In the final stage of my internship, I focused on single-cell RNA sequencing (scRNA-seq) data analysis using the Seurat package. The key steps included:
- Data Import and Seurat Object Creation:
- We converted the raw expression matrix, including gene expression data, features (genes), and barcodes (individual cells), into a Seurat object for analysis.
- Quality Control
- We filtered out low-quality cells, such as those with low feature counts, low RNA totals, or high mitochondrial gene expression, to ensure that only high-quality cells were included in the analysis.
- Feature Selection:
- We identified highly variable genes across cells, which are critical for distinguishing different cell types.
- Principal Component Analysis (PCA):
- PCA was performed to reduce data dimensionality while preserving variability, helping to identify key sources of variation among cells.
- Dimensionality Reduction and Visualization:
- We used t-SNE and UMAP for visualizing high-dimensional data in two dimensions, enabling the discovery of cell clusters that may represent different cell types or states. These clusters can be explored further for biological interpretation and novel biomarker identification.
29th June - 5th August
In the final week, I focused on finalizing my report, ensuring that all documentation and code were well-organized and accessible.
Results
The outcome of this project is a Shiny App designed to identify data bias and provide summary statistics. The app offers various functionalities, including interactive plots for clinical datasets, insights into demographic variables (age, gender, survival status, race, and ethnicity), CT scan visualization through a DICOM Viewer, a correlation matrix for numeric clinical data, stratified analysis, and t-test statistics on drug response data (IC50 values).

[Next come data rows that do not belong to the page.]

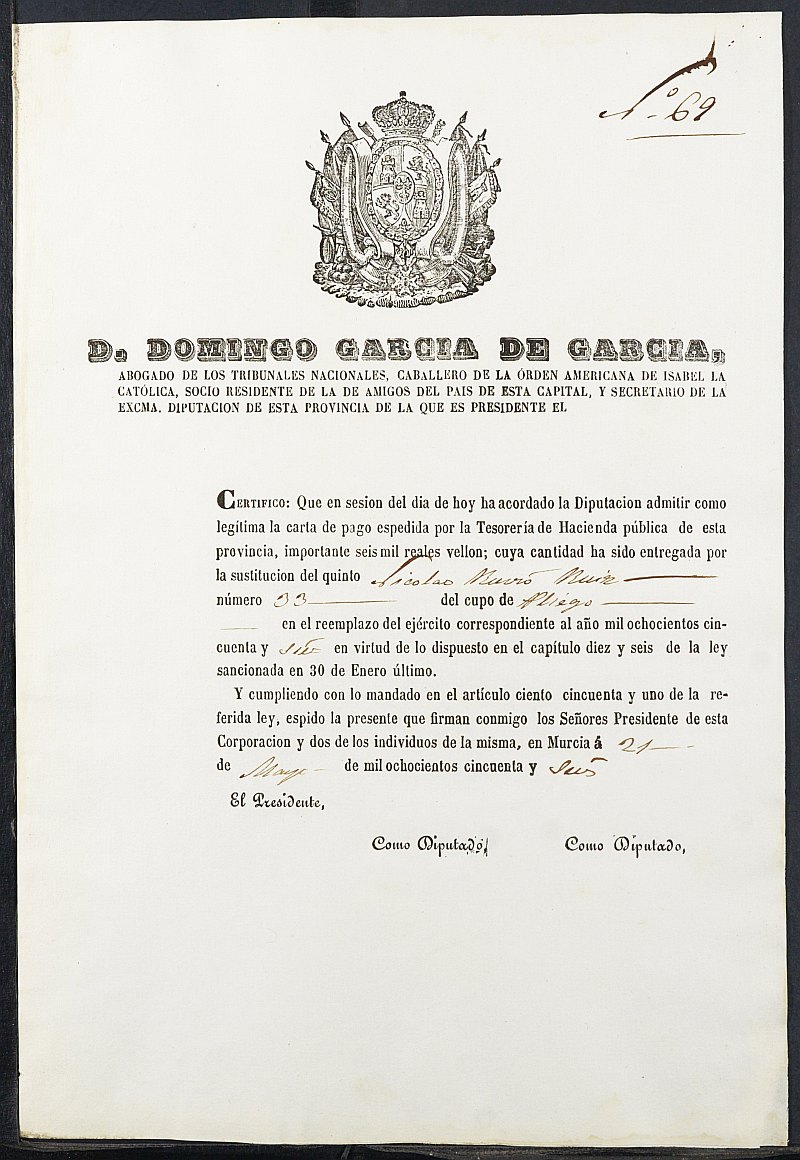 Certificado de la carta de pago de la sustitución de Nicolás Rubio Ruiz, mozo del reemplazo de 1856 de Pliego.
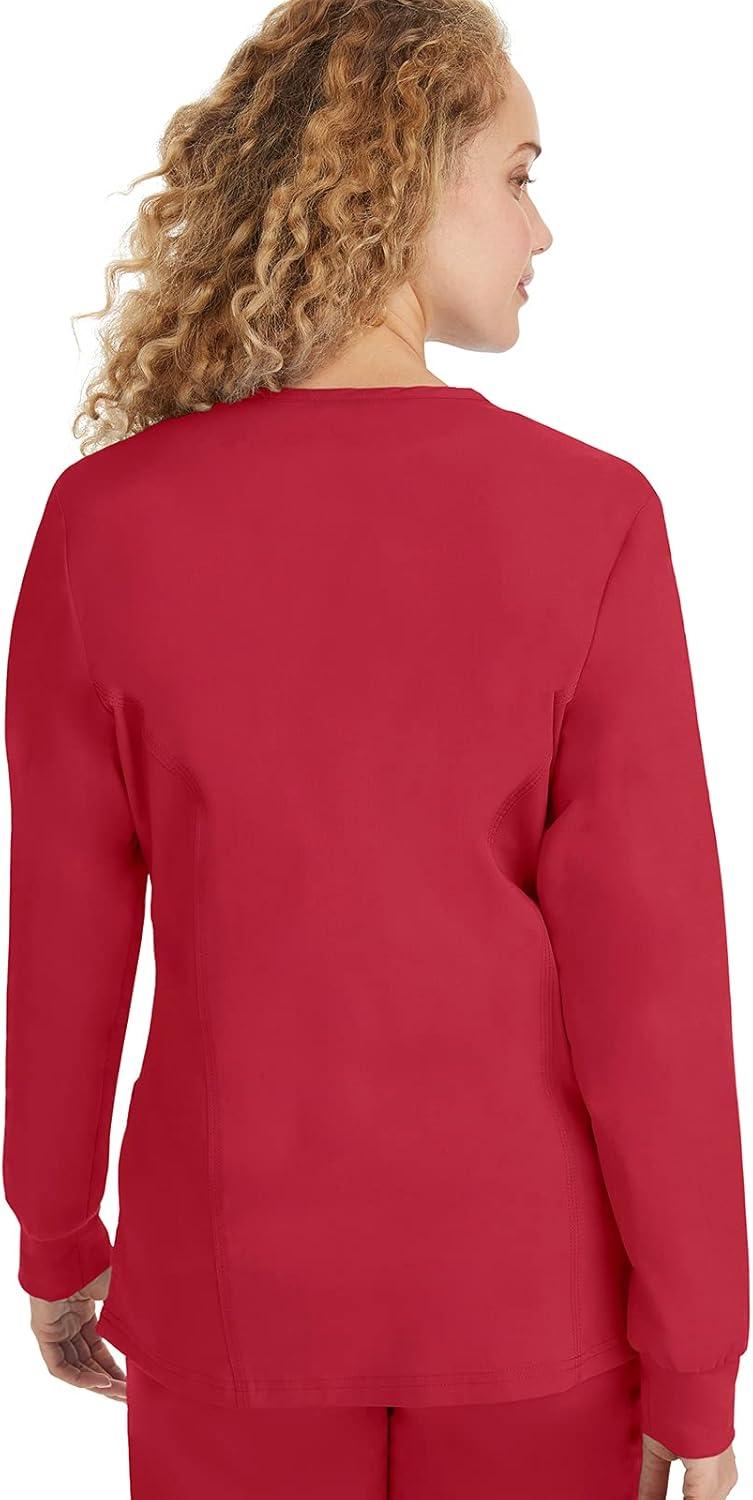 imageHealing Hands Womens Snap Front Scrub Jacket Daisy 2Way Stretch Uniform 5063Red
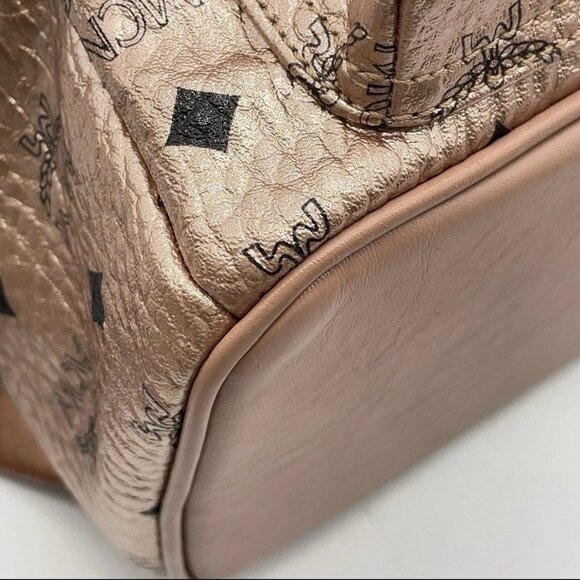 Authentic MCM Visetos Pattern Leather Pink Gold Studded Backpack - Picture 4 of 13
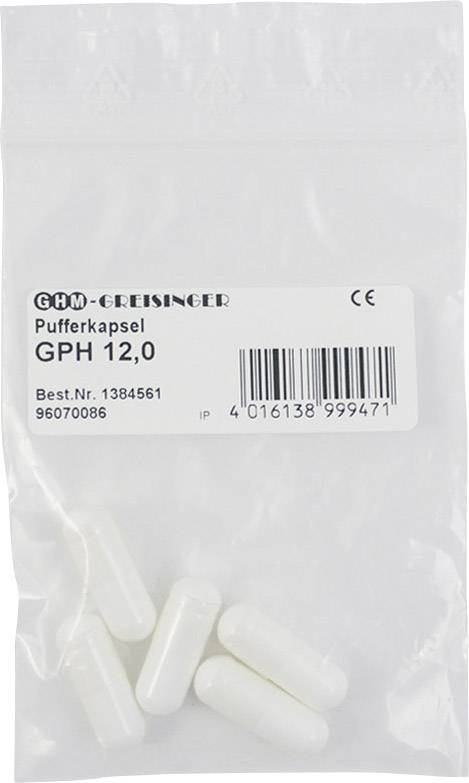 Eine weiße Plastiktüte mit vier weißen Kapseln, beschriftet mit 'Pufferkapsel GPH 12,0'. Auch CE-Kennzeichnung und Bestellnummer sichtbar.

Additionally, the app supports radiogenomic and pharmacogenomic analyses. While we focused particularly on lung adenocarcinoma, the app is useful for pan-cancer research.
The code and resources for this tool are available on its GitHub repository, and the Shiny app can be accessed on shinyapps.io
Final Thoughts
This internship has provided me with invaluable experience in data analysis, tool development, and collaborative research. The skills and insights gained will undoubtedly contribute to my future work in bioinformatics. I look forward to continuing this journey and exploring further opportunities to apply these skills.